Meteoroid, Meteor and Meteorite

  • A meteoroid is any solid debris originating from asteroids, comets or other celestial object and floats through interplanetary space.
  • A meteor is the streak of light that appears in the sky when a meteoroid enters the atmosphere (mesosphere) at about 200 km at high speed and burns up because of the friction.
  • A meteor is popularly termed a ‘shooting star’ or ‘falling star’.
  • In some cases, the meteoroid does not burn up completely and makes its way to the Earth’s surface. The surviving chunk is called a meteorite.
  • The circular depression created on the earth’s surface after the meteorite’s impact is called as a meteorite crater.
  • Meteorite impacts are common on all planets and moons in the solar system.
  • The most conspicuous meteorite craters can be found on the surfaces of the Moon and Mercury (because they are geologically inactive due to negligible atmosphere).
  • Largest Meteor Crater: A meteor crater in Arizona (USA) is 1,300 m deep is the largest meteor crater in the world. It was formed over 10,000 years ago.

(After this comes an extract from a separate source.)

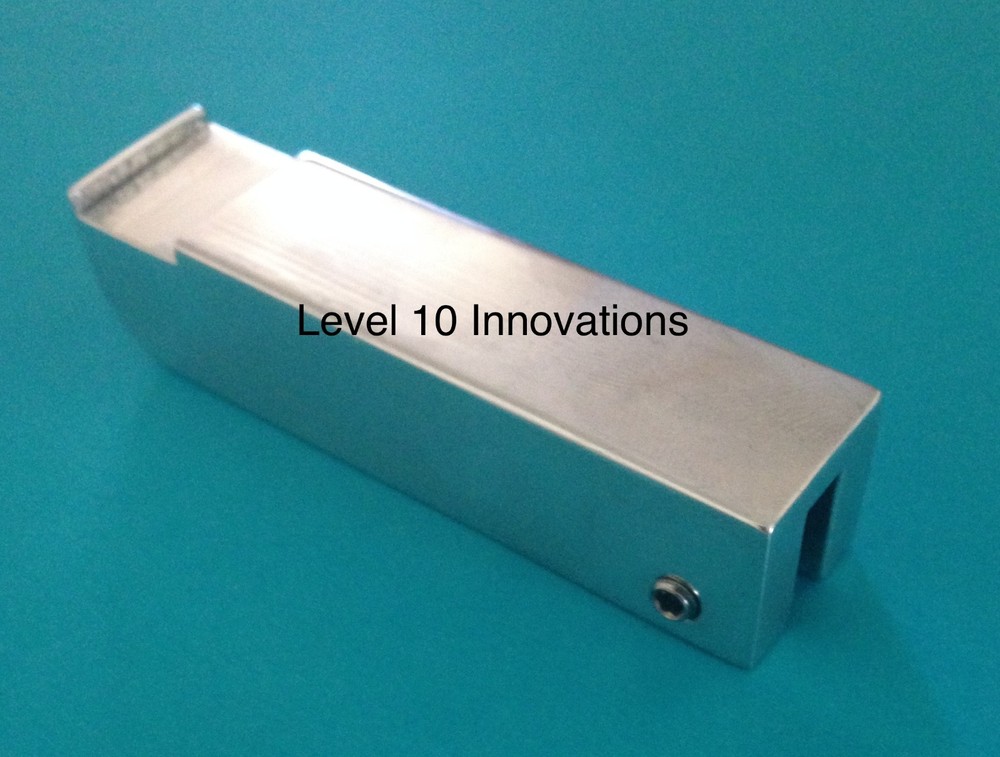 Bin Support Bracket for Dillon 1050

Meteoroid, Meteor and Meteorite

Chicxulub crater
  • Chicxulub crater (Mexico’s Yucatan Peninsula) was caused by a meteor impact that is believed to have wiped out the dinosaurs (mass extinction at the end of the Cretaceous 65 million years ago).

Chicxulub crater

Meteorite craters in India

  • Lonar Lake (1.8 km in diameter) in Buldhana District of Maharashtra
  • Dhala crater (14 km in diameter) in Shivpuri district, Madhya Pradesh and
  • Ramgarh crater (3.5 km in diameter) is a potential meteorite crater in Kota plateau in Rajasthan.